Three Attitudes of Triathlon

Part II - Joining

Re-cap

Last month we introduced three attitudes of triathlon – yielding, joining and aligning – as tools for our pursuit of effortless power as triathletes.  We focused on yielding as an approach to swimming. Now we transition to the second leg of our attitude triathlon – biking and joining. When we make the transition from swim to bike in our “attitude triathlon”, we don’t cast aside our attitude of yielding as we toss the swim goggles. Aerodynamic position on the bike is based on yielding to the wind. Now, we are adding the new attitude of blending – joining with our bike.

Effortless power starts when we tap into forces we don’t have to generate. While our bike is not an actual “force” that we can tap into, it’s geometry and components embody a force potential that we join with to magnify our own force and to vastly increase our speed and distance.

Bike Fit

Your bike must fit your body well, in order to serve effectively as an instrument for magnifying your body’s force through the action of pedaling.  A poor bike fit is just as detrimental as the wrong running shoes – but you will have to suffer the consequences for a lot longer, after a much greater investment.

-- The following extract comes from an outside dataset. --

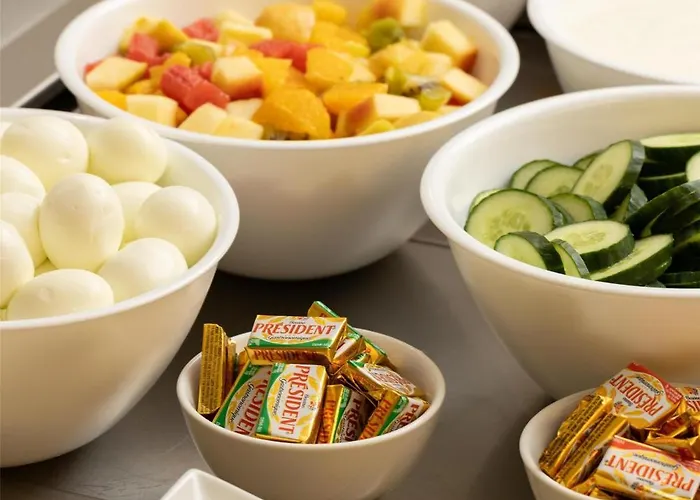 Hampton By Hilton Paris Charles De Gaulle Airport Hotel Roissy-en-France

When you consider the expense of a bike fit, also consider the amount of time you will invest training and racing with this “instrument”.  The cost will factor down to pennies per hour. (Look at it as a form of marriage counseling.)  Riding a well-fit bike maximizes your time and energy investment and increases the joy of riding.

Materials and Design

The materials and engineering that go into a bike profoundly influence its behavior and transparency.  Aluminum – the most affordable material – transmits lots of vibration, significantly increasing muscle fatigue during long rides.  Titanium and carbon, while more expensive, alleviate much of the vibration.  Don’t neglect steel as a very affordable alternative.  I ride a custom-built niobium steel Serotta CXII with carbon seat stays.  It is noticeably lighter and smoother riding than most aluminum bikes.

Position

Observe a great time-trialist: The athlete’s body and bike move as one graceful unit – no squirming or weaving side-to-side. The athlete joins with the bike through the contact points – seat, pedals and bars. These are “portals” for the athlete’s kinetic energy, allowing it to enter into the frame, concentrate in the bottom bracket (which is the energetic core of the bike), and extend out through the wheels and tires. Imagine a virtuoso violinist merging with her violin to make sweet music.

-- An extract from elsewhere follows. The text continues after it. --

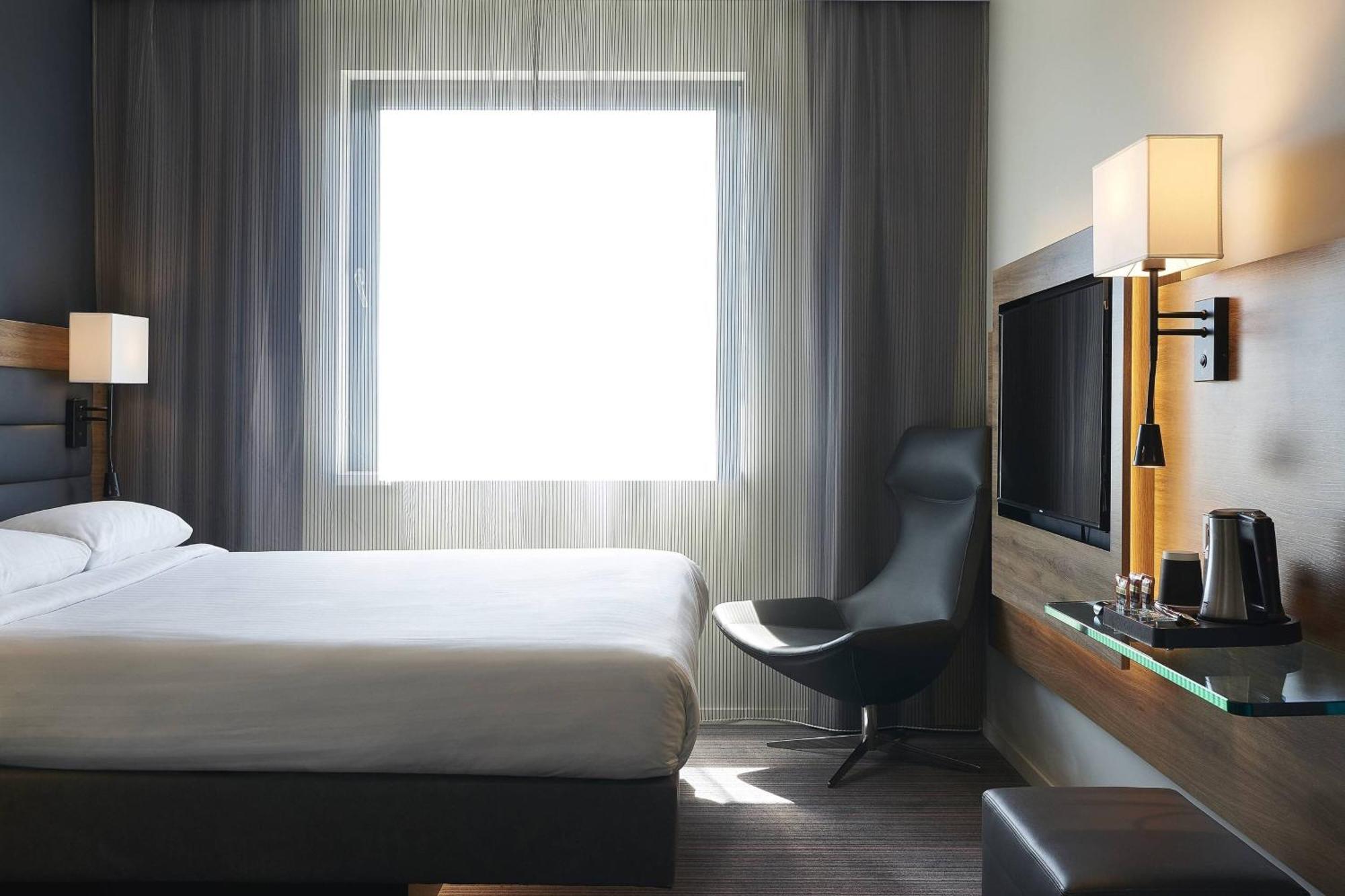 Hotel Moxy Stratford 4*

Your body produces 80% of the wind resistance you must overcome to achieve and maintain speed.  As with swimming, constantly strive to improve your body’s position – seeking the perfect blend of aerodynamics, stability, comfort and efficient power production.

Joining Exercises

Joining with your bike is the first essential step in efficient cycling, requiring intimate sensitivity to make it an articulate extension of your body.  Here are some specific exercises to help you become one with your bike: While the dynamic quality of balance is absent, stationary training offers you the opportunity to “train blind” – to ride with your eyes closed!  Without visual stimulus, you can focus directly on the intimate feeling of riding. Begin by mounting, clipping into your pedals, closing your eyes and just sitting still.  Focus your awareness on your breath until it is slow, relaxed and deep. Maintain conscious breathing as you focus on your relationship with the saddle. This is the primary conduit for extending your sense of feeling in to your bike. Find your sweet spot on the saddle. Bring your arms to rest on the aero bars or the brake hoods.  Incorporate these new contact points into your feeling through the bike. 

Begin to pedal slowly, smoothly, circularly.  Without opening your eyes, “locate” the rotating center of the bottom bracket through your sense of feeling, and place all of your awareness there.

Breathe through the contact points – saddle, bars and pedals. Begin pedaling slow and easy, striving to keep your pelvis calm and still in the saddle.  Explore the internal movement and energy dynamics in your pelvic core and how this core stability translates into your circular pedal motion. Within your pelvic core there is a calm, still place where all of your body’s movement originates.  With your eyes closed, can you locate this place?

Remember, this is a meditation training session with a calm inner focus – even when you increase cadence and power output. Strengthening that place of stillness within your pelvis is the first fundamental step to joining with your bike. Be patient, open-minded, curious and creative in this “blind training” exercise.  Turn off the lights, bike computer and heart rate monitor.  Turn on your feeling intelligence and your conscious breath. 

Pedal mechanics

Circular pedaling is an essential skill for joining with your bike. Practice single leg circles often or use Power Cranks in your training. Explore the mechanics of circular pedaling during every recovery workout and blind stationary session. Strive to be equally aware at all times of both your left and right leg circles, rather than focusing on the alternating downstrokes. Experiment: Exaggerate your ankling motion as you circle the pedals so you can explore the function of ankle leverage in pedaling mechanics. Then minimize your ankle motion and exaggerate the hip and knee movements. This process helps you to “understand” pedaling mechanics with your body rather than your logical mind.

Bicycle Tai-chi

Find a flat or gently inclined location free of traffic and begin riding very easily as you synchronize your breath with your pedaling.  Connect the still center of your pelvic core to the still center of the bottom bracket. Extend your sense of feeling through the saddle, pedals and bars. Begin to pedal circularly in aero position. Guide your bike in a straight line, steering from your torso rather than your arms.  Relax deeply in to your bike to improve your balance and agility.  Notice that as soon as you tense up you sever your energetic connection. Your ability to ride a straight course diminishes. The greatest challenge is to practice bicycle Tai-chi at the slowest speed possible.  This challenges our notion that improvement is only possible through exertion and control.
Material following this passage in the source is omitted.